* [Dataset entries]:
BEGIN
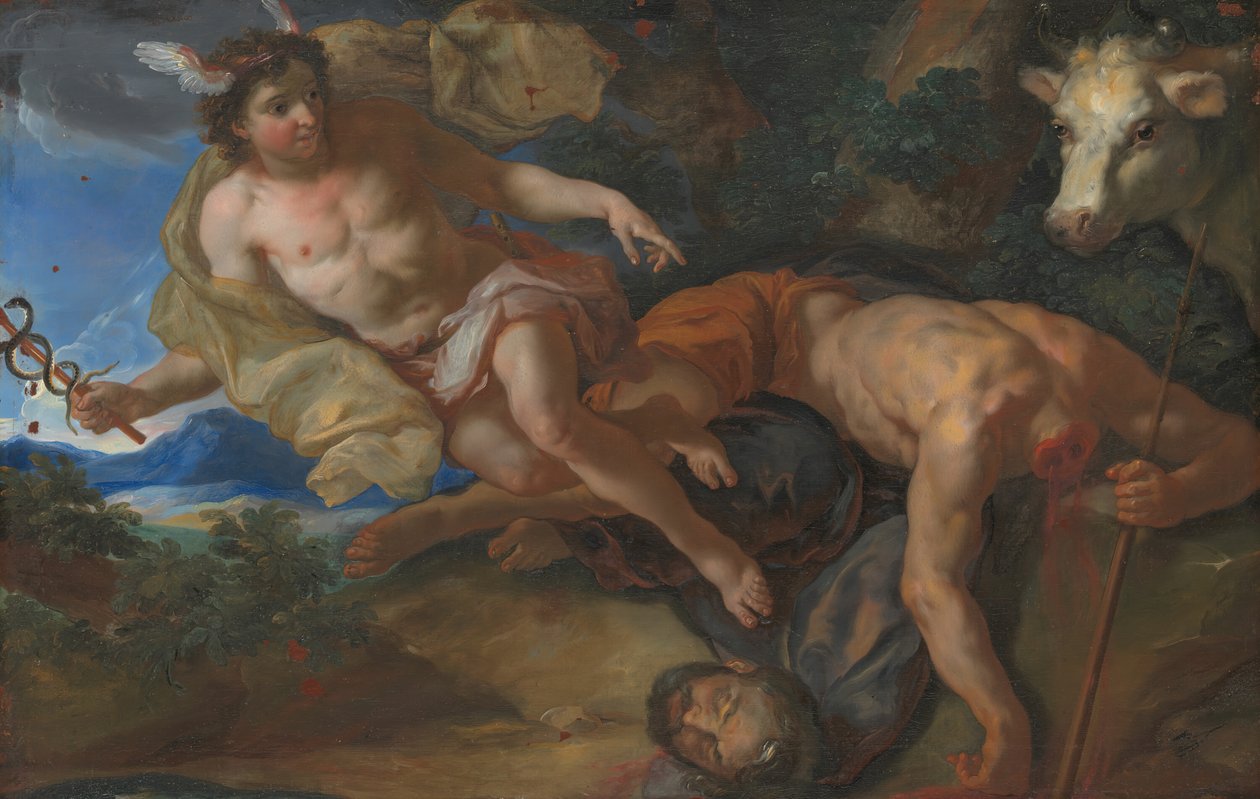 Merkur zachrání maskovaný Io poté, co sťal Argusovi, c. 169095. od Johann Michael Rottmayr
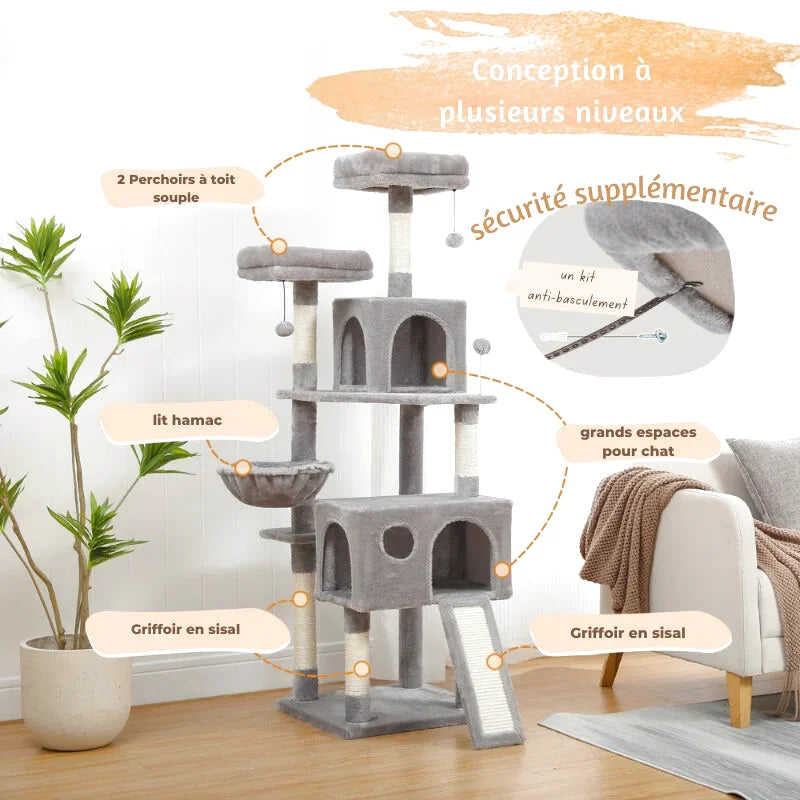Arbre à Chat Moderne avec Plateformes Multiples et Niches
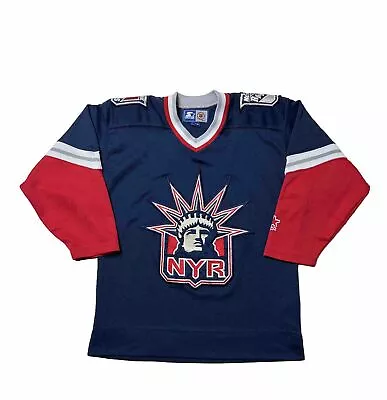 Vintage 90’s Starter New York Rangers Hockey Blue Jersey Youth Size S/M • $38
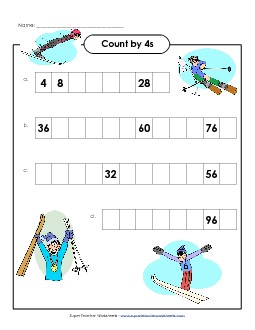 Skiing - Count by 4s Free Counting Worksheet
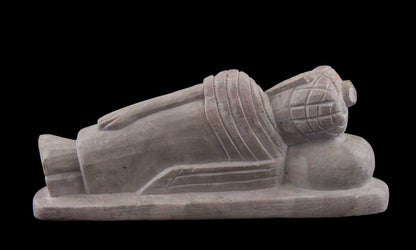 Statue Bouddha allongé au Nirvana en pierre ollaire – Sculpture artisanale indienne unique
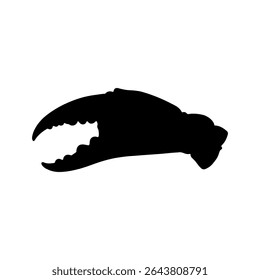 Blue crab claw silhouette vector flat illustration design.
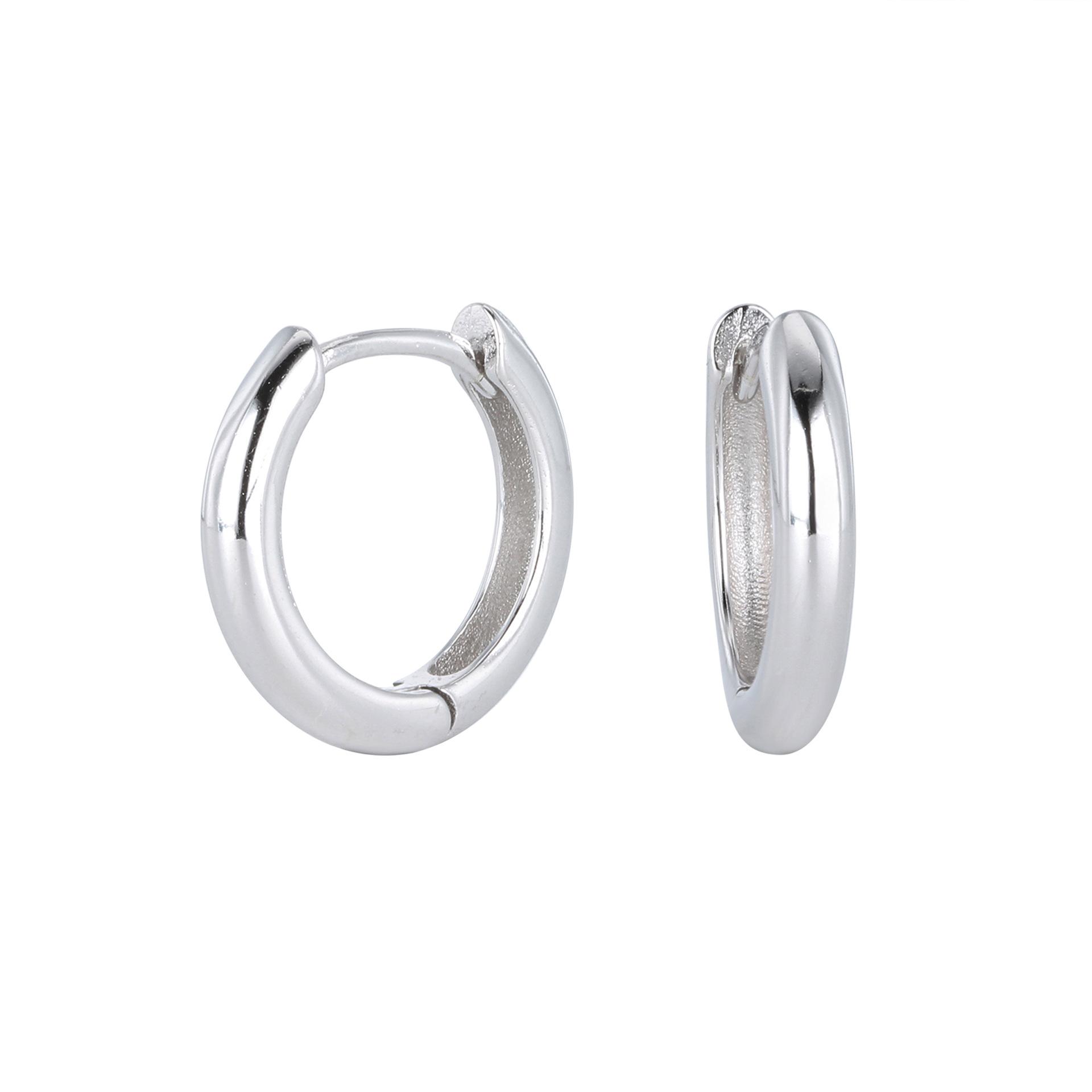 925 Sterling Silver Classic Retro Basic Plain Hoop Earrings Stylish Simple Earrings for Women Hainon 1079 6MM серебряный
END
BEGIN
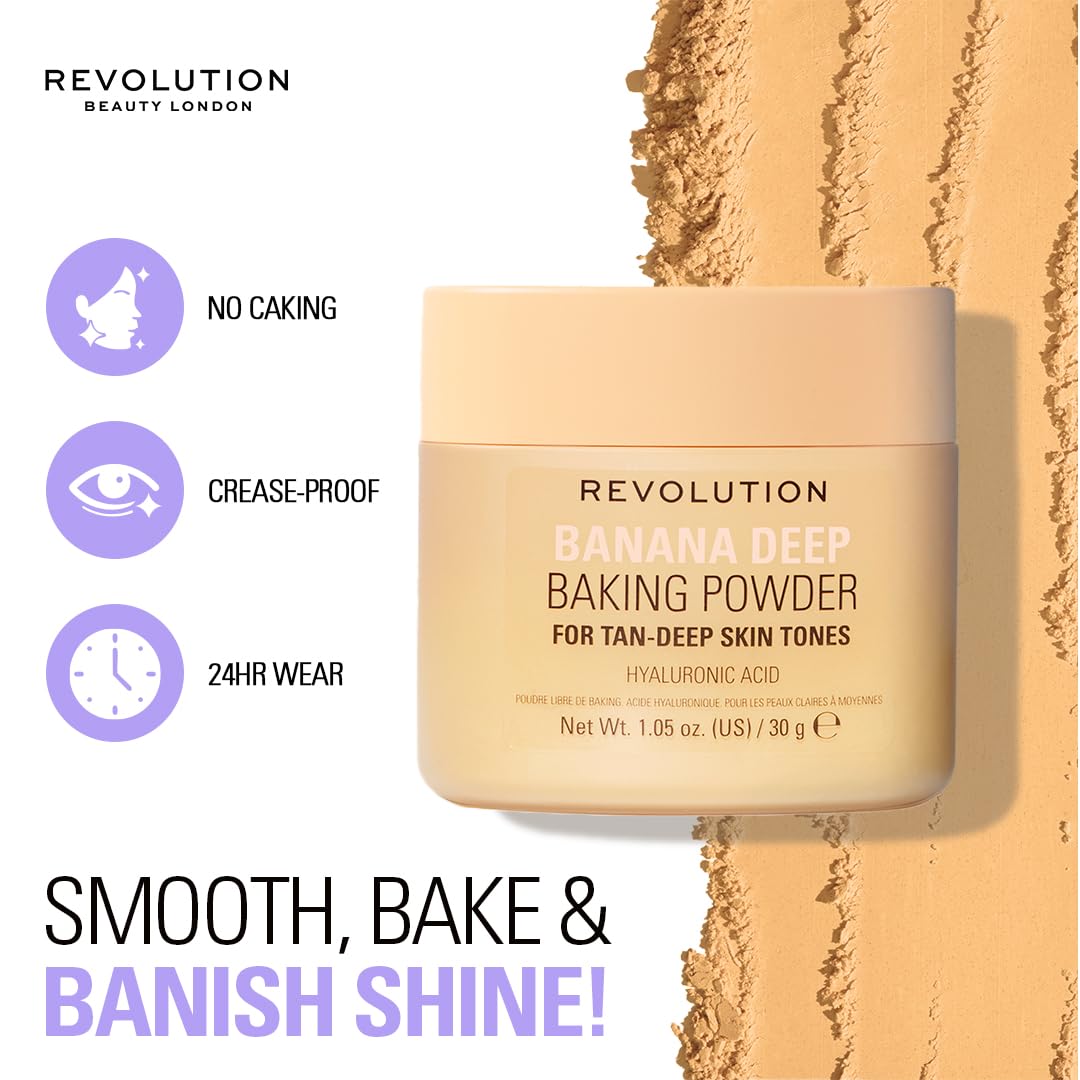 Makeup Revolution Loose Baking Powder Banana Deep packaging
END
* [Task]: The lines above starting at the one that holds "Merkur zachrání maskovaný" and ending at the one that holds "Skiing - Count by 4s Free Counting Worksheet" are to be written out exactly, ends included, and no pictures are to be copied.

* [Task output]:
 Merkur zachrání maskovaný Io poté, co sťal Argusovi, c. 169095. od Johann Michael Rottmayr
Arbre à Chat Moderne avec Plateformes Multiples et Niches
 Vintage 90’s Starter New York Rangers Hockey Blue Jersey Youth Size S/M • $38
 Skiing - Count by 4s Free Counting Worksheet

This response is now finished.